Description
"Surrogate pairs are strings that contain a supplemental code point (especially emojis) that cause diff indices to be offset. It can either mess up the text or cause DMP to error (within toDelta/fromDelta)." See
- JavaScript implementation crashes on Unicode code points google/diff-match-patch#10
- Diff breaks unicode characters for emojis google/diff-match-patch#59
- patch_obj.toString blows up with emojis google/diff-match-patch#68
I don't know whether, or to what extent, this might impact cocalc. I've so far never been aware of such an issue.

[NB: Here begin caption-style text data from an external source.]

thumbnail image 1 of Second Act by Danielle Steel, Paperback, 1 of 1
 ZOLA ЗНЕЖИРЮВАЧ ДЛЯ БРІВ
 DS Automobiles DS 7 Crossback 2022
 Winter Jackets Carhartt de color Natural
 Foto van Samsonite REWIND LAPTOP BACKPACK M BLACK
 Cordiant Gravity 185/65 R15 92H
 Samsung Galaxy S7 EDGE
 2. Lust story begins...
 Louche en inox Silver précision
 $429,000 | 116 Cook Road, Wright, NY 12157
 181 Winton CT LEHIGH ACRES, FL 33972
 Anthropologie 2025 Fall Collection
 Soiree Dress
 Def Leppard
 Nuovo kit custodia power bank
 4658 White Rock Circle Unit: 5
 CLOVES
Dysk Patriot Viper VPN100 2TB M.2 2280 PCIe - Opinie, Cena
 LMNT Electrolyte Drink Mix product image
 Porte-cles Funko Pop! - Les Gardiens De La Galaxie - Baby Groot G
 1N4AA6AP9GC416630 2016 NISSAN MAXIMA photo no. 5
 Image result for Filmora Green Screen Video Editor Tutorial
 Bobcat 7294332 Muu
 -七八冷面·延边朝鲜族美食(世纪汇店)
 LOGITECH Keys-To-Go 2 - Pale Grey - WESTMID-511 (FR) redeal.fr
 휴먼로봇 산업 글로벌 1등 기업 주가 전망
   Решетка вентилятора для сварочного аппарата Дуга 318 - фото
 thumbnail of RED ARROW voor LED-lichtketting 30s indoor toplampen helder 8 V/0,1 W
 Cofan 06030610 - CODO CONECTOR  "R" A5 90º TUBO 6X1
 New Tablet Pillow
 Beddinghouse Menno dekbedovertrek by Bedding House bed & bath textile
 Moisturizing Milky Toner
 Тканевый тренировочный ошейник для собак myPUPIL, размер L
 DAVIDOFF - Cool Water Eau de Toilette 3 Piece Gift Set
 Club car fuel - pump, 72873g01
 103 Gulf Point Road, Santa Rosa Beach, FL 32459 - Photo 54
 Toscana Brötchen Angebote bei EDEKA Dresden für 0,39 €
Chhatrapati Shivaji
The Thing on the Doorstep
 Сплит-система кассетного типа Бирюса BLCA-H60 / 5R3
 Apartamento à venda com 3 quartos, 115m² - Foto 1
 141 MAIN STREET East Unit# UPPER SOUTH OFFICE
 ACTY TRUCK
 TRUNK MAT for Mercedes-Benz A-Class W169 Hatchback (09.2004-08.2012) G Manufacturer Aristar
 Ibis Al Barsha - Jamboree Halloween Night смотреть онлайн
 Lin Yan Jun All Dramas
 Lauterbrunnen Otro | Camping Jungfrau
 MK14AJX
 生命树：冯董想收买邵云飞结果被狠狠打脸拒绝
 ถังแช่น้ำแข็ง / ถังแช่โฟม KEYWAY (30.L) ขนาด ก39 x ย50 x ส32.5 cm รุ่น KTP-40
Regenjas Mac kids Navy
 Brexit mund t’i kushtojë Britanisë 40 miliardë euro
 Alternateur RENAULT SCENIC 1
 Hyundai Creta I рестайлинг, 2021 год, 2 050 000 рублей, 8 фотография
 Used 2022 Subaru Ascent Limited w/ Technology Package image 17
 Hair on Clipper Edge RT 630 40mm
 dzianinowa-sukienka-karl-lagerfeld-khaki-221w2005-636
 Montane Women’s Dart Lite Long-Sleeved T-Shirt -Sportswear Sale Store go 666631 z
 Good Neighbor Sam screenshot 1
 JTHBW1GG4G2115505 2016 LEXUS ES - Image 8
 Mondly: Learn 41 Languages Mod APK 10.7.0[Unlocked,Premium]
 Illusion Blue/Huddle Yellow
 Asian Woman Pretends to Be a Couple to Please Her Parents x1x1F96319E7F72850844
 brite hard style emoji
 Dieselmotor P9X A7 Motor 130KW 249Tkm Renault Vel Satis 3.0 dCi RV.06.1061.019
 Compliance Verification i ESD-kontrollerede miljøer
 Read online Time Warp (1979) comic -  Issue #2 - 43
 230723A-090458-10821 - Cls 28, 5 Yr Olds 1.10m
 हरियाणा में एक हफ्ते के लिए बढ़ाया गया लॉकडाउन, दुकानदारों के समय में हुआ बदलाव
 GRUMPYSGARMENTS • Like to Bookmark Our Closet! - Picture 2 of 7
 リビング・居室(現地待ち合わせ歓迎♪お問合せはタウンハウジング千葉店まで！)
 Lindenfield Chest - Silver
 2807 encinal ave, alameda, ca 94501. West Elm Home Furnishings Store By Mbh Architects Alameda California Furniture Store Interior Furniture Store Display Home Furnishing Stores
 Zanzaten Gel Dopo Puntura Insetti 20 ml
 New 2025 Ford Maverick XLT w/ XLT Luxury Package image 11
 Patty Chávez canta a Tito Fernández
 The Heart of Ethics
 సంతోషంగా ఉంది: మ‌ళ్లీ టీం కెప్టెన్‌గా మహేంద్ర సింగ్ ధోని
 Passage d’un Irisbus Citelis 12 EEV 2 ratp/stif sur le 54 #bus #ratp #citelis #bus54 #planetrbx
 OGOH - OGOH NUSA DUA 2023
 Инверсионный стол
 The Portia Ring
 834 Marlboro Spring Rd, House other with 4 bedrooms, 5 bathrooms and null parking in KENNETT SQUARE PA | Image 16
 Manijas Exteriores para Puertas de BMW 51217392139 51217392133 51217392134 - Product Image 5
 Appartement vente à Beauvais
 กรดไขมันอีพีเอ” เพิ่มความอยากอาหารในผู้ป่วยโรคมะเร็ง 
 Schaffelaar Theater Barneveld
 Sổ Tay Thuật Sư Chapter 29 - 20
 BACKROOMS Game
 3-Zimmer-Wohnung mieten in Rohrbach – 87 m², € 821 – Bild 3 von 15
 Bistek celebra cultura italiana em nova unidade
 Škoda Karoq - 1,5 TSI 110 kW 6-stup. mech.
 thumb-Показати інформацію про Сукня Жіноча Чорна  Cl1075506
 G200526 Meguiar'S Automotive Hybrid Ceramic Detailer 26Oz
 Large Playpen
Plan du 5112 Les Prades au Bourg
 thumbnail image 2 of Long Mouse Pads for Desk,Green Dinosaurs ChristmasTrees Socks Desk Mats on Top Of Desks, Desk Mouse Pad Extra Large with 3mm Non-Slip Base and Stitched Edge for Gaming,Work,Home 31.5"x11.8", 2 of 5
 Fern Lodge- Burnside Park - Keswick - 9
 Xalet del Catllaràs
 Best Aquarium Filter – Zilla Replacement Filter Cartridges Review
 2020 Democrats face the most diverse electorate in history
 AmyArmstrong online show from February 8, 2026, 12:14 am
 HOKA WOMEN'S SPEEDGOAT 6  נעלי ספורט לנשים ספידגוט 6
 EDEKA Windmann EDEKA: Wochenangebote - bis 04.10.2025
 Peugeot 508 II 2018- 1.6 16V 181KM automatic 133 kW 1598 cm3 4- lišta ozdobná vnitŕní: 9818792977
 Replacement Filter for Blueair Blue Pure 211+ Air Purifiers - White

Maybe (?) when CoCalc hits it, an error is thrown, and our diff algorithm generates a very large diff that is just "replace the entire document by this other one", so for us things are not efficient, but not broken either. I don't know. It also might be very unlikely to hit in the context of Jupyter notebooks, where most text is ascii, and markdown where we usually write emojis as :thing:
instead of unicode.
In any case, I'll look into this and report back here. Since the original author of DMP doesn't maintain it anymore, it could also make sense to try to modernize the library and make a new independent supported version, which contains fixes for the above issue. As some motivation, the @cocalc/util package has a copy of dmp with at least one important bugfix (from my point of view). That's in https://github.com/sagemathinc/cocalc/blob/master/src/packages/util/dmp.js
NOTE: the file dmp.js had a GPL header applied to it by some automated script that @haraldschilly wrote. However, I just fixed that and reverted the license header back to the original Apache V2 license.